RECORDS FOR THIS EXERCISE: Begin
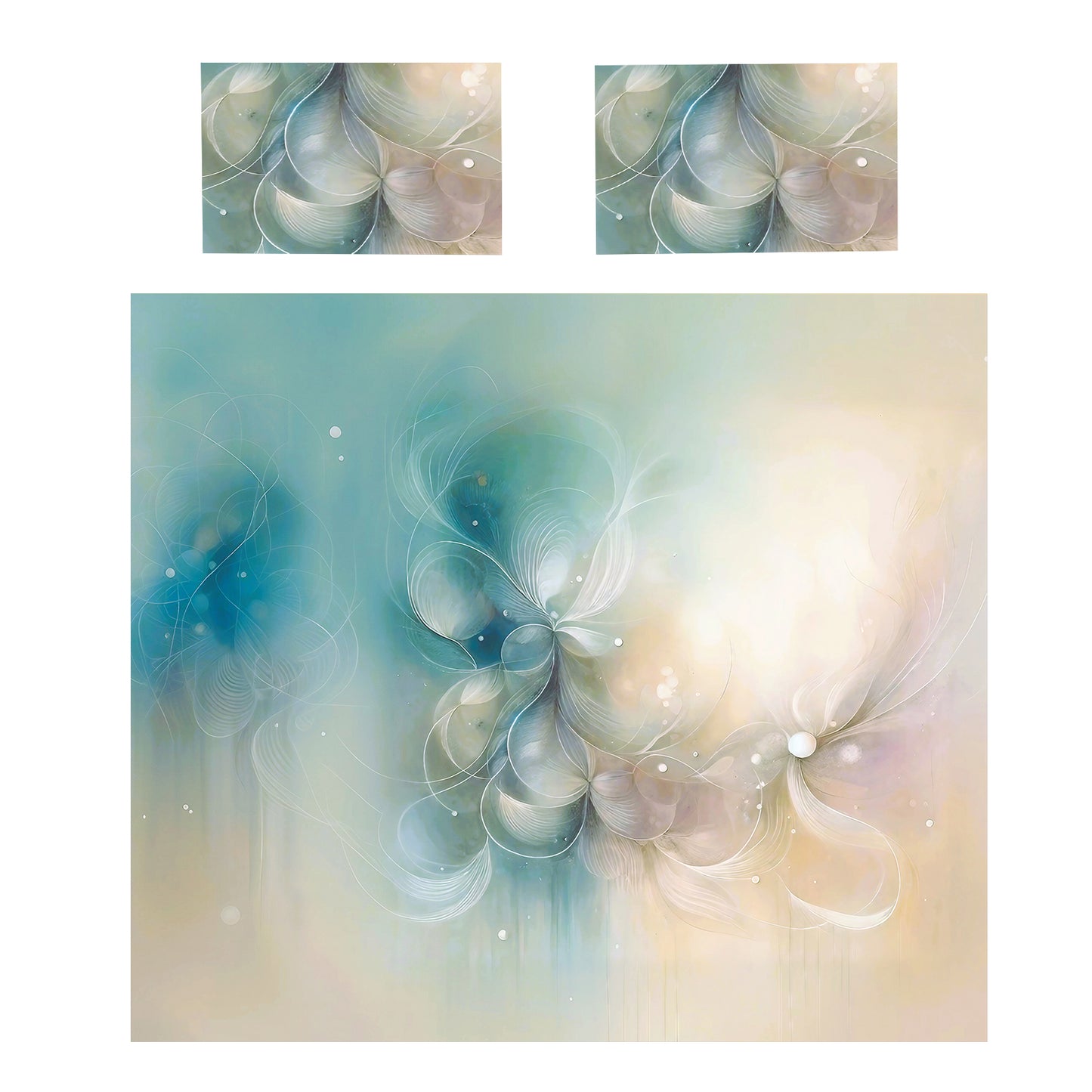 Luminous Beige & Green Duvet Cover Set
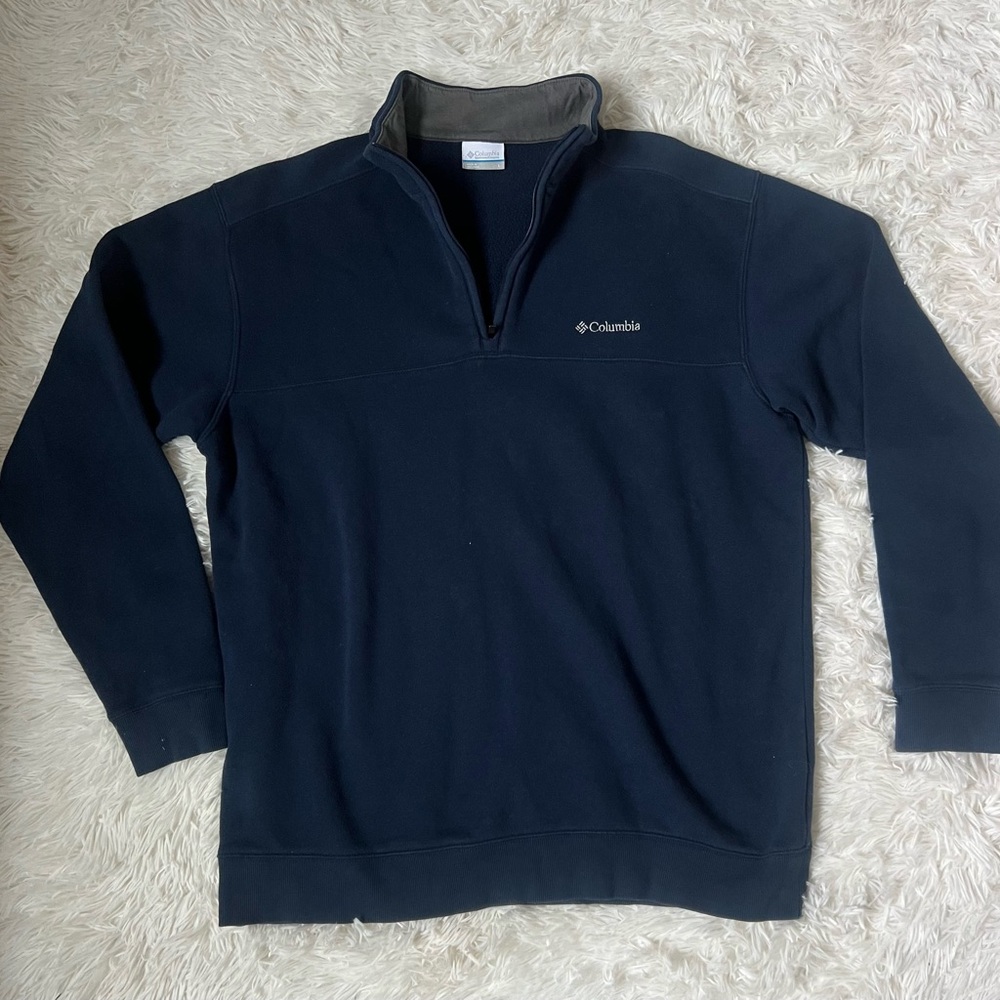 Columbia Men’s Navy Blue 1/4 Zip Pullover Sweatshirt Fleece Mock Neck Size L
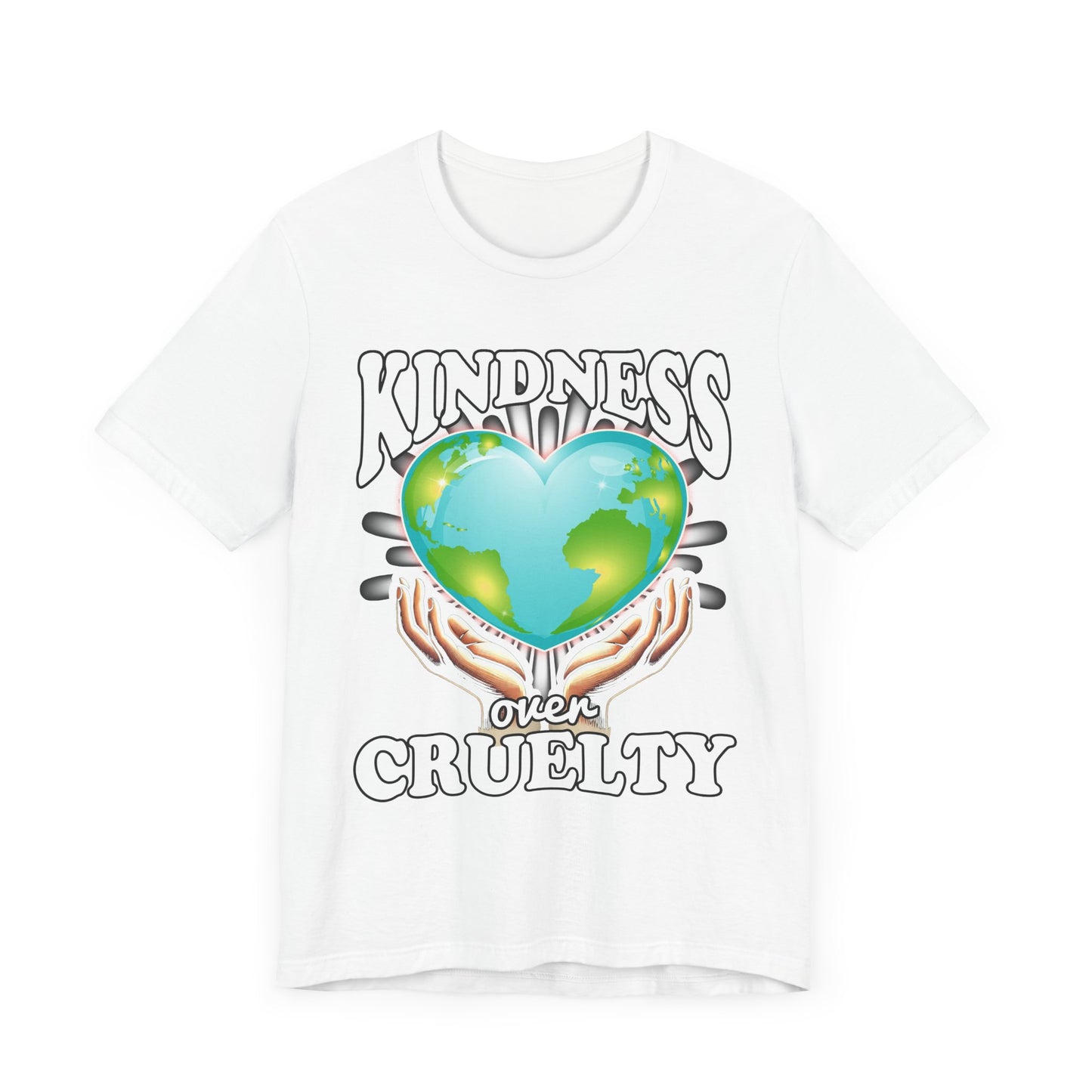 Kindness Over Cruelty | Hands Holding Heart-Shaped Earth Graphic T-Shirt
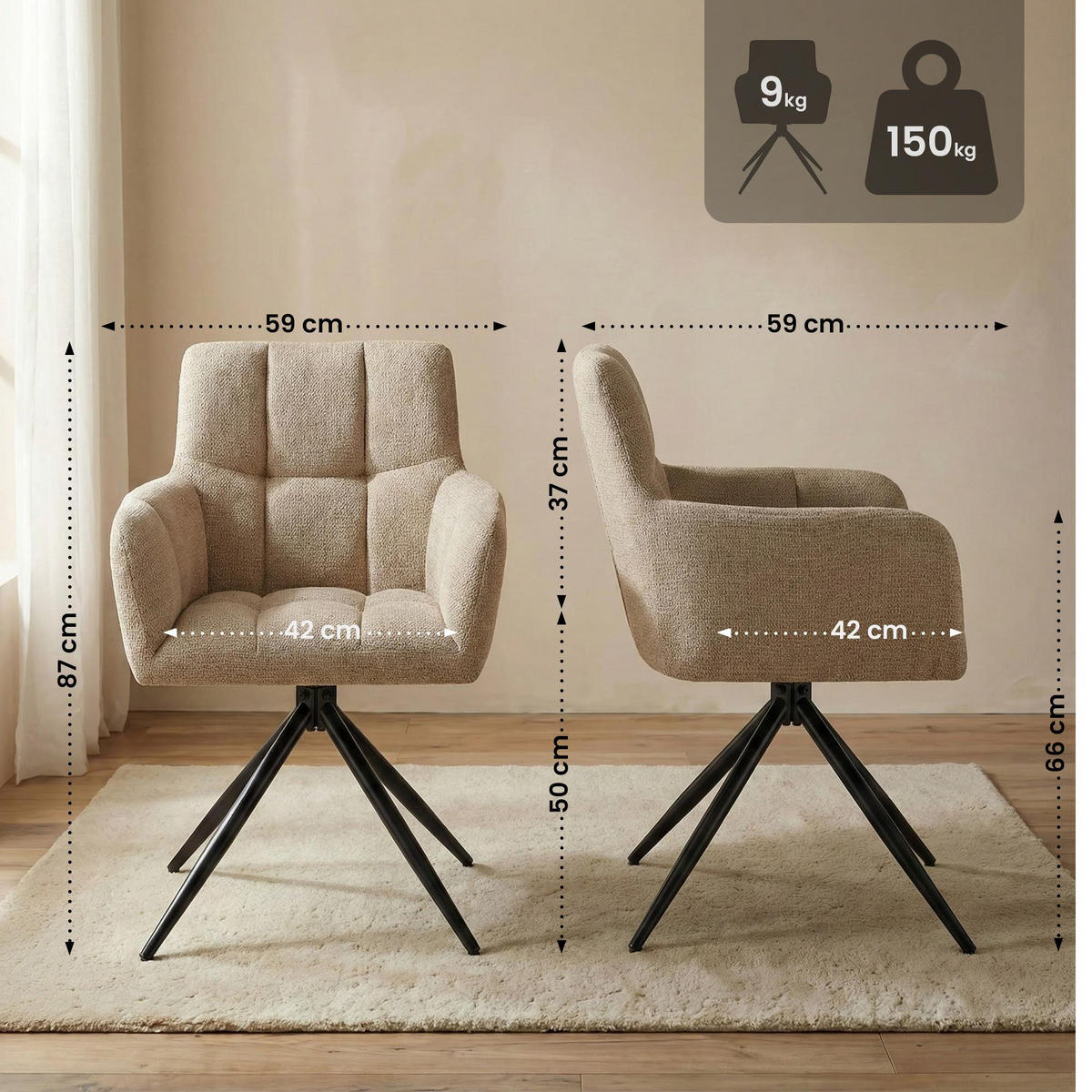 ARMLEHNENSTUHL Stoff Hellbraun - Hellbraun/Schwarz, Textil/Metall (59/87/59cm) - CLP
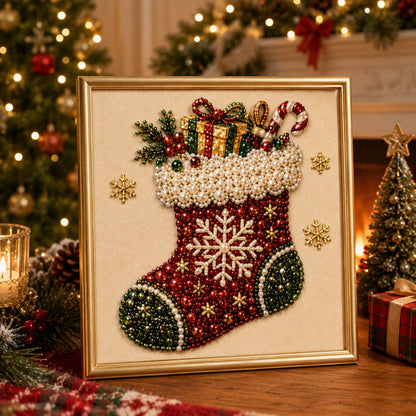 ❄️Sommerfrische 50 % Rabatt!💎DIY-Weihnachts-Diamond-Painting mit Perleffekt – Kreatives Bastelset mit Rahmen für festliche Dekoration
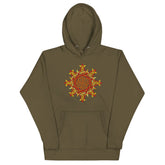 A military green Xigfireon graphic hoodie featuring the Fire Colour Flat iteration of the Morning Star Fire Celtic knot design. The Morning Star Fire Celtic knot represents the Sun.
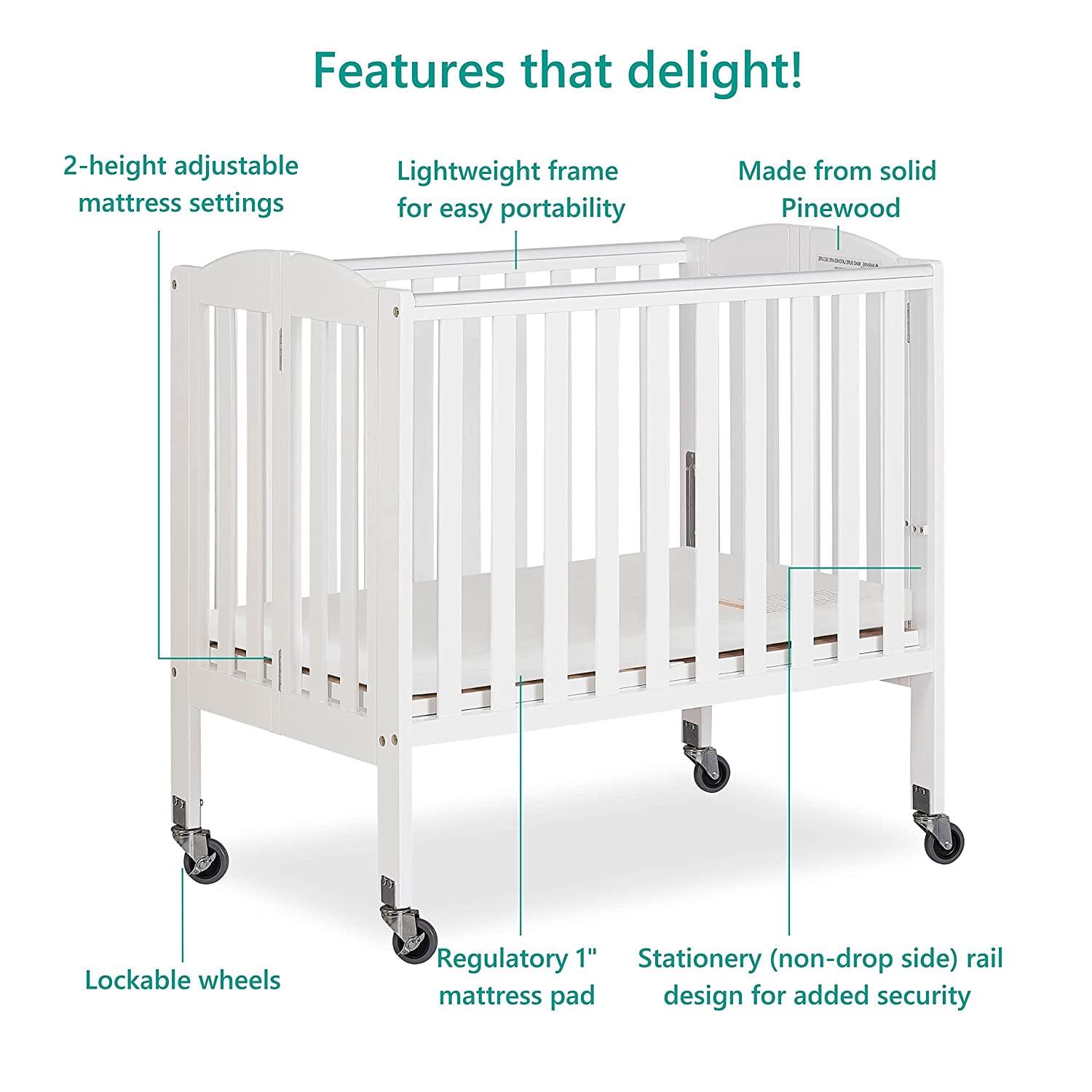 Dream on Me 2 - in - 1 Folding Portable Mini Crib in White. Mattress Pad Included. Easy to Fold and Store Baby Crib. Two Adjustable Mattress Height Positions Convertible Crib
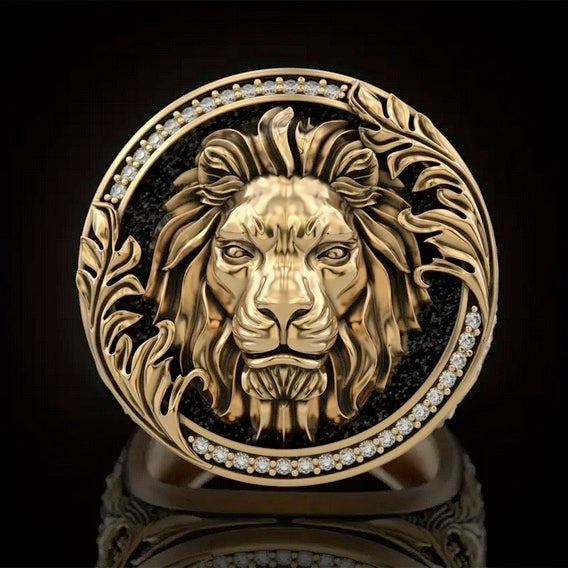 Luxury Men's Vintage Gold Plated Lion Of Judah Cubic Zirconia Ring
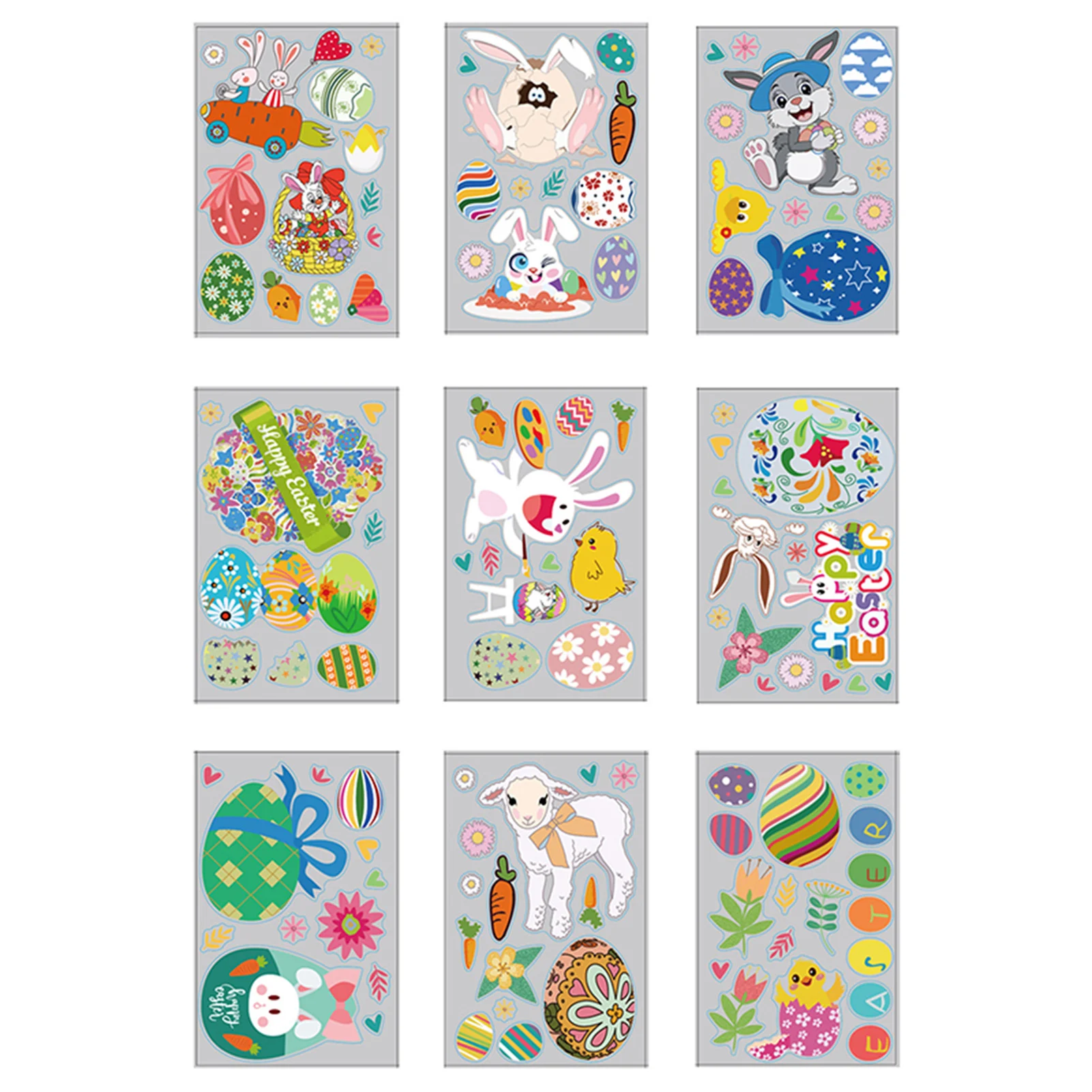 

9 Pcs Easter Stickers Decorations Bunny Window Clings Decor For Home Office Kids School Party Decorations Supplies Stickers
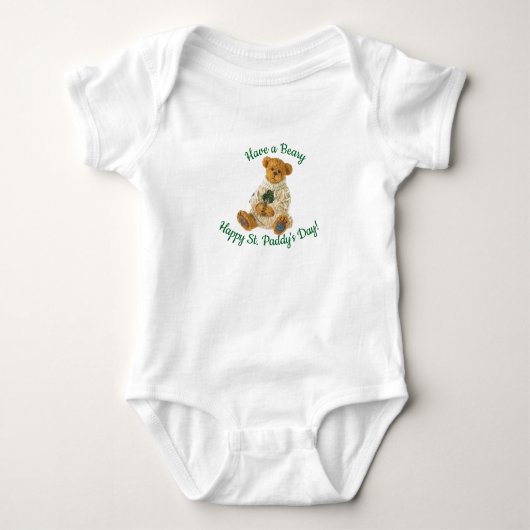 St. Patrick's Day Ierse teddybeer baby body Romper (Voorkant)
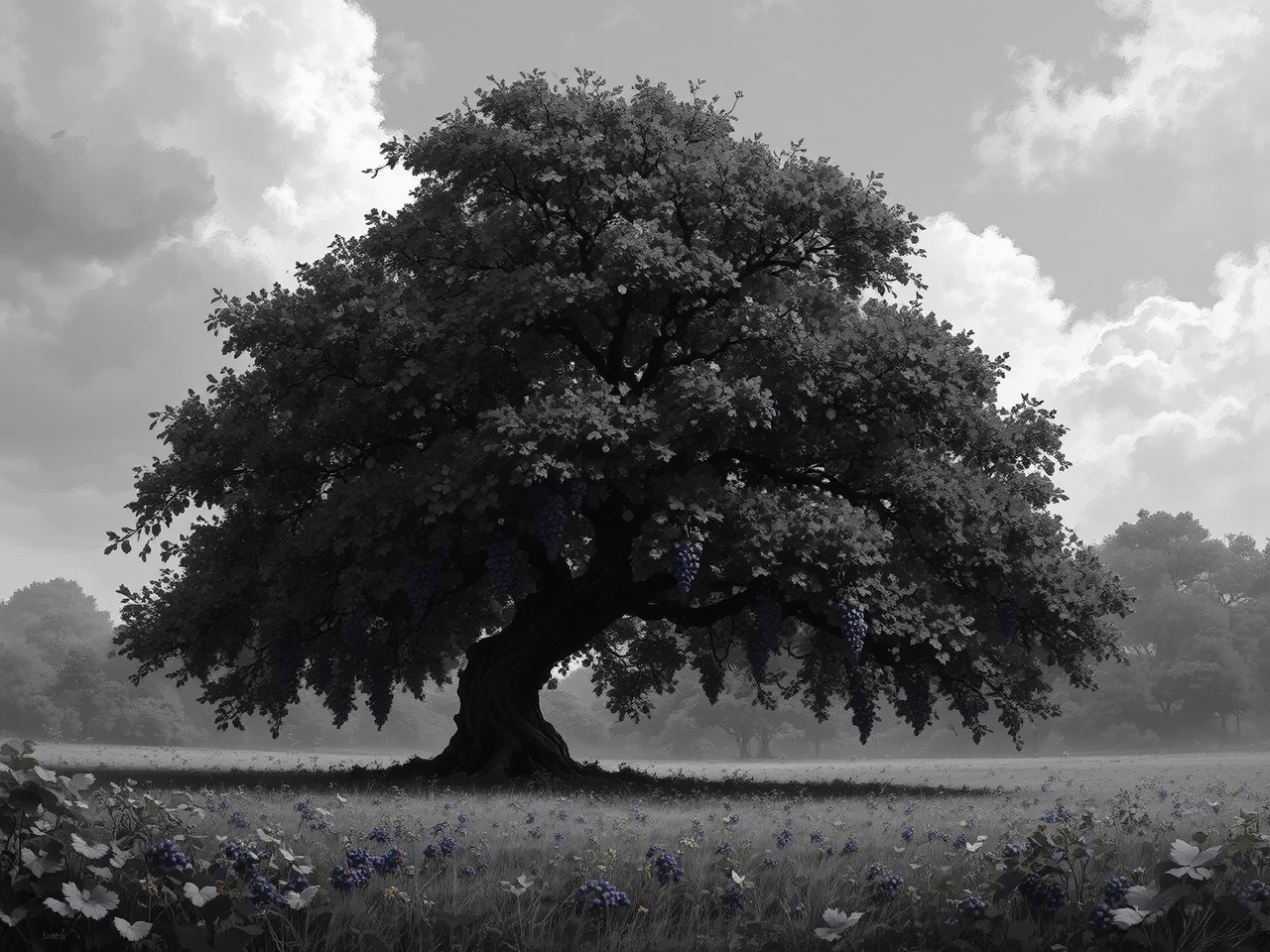 Black oak tree with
RECORDS FOR THIS EXERCISE: End
● **EXERCISE**
Exactly as written, reproduce the lines from the beginning of the material through the line with "A military green", and skip any picture.

● **SOLUTION**
 Luminous Beige & Green Duvet Cover Set
 Columbia Men’s Navy Blue 1/4 Zip Pullover Sweatshirt Fleece Mock Neck Size L
 Kindness Over Cruelty | Hands Holding Heart-Shaped Earth Graphic T-Shirt
 ARMLEHNENSTUHL Stoff Hellbraun - Hellbraun/Schwarz, Textil/Metall (59/87/59cm) - CLP
 ❄️Sommerfrische 50 % Rabatt!💎DIY-Weihnachts-Diamond-Painting mit Perleffekt – Kreatives Bastelset mit Rahmen für festliche Dekoration
 A military green Xigfireon graphic hoodie featuring the Fire Colour Flat iteration of the Morning Star Fire Celtic knot design. The Morning Star Fire Celtic knot represents the Sun.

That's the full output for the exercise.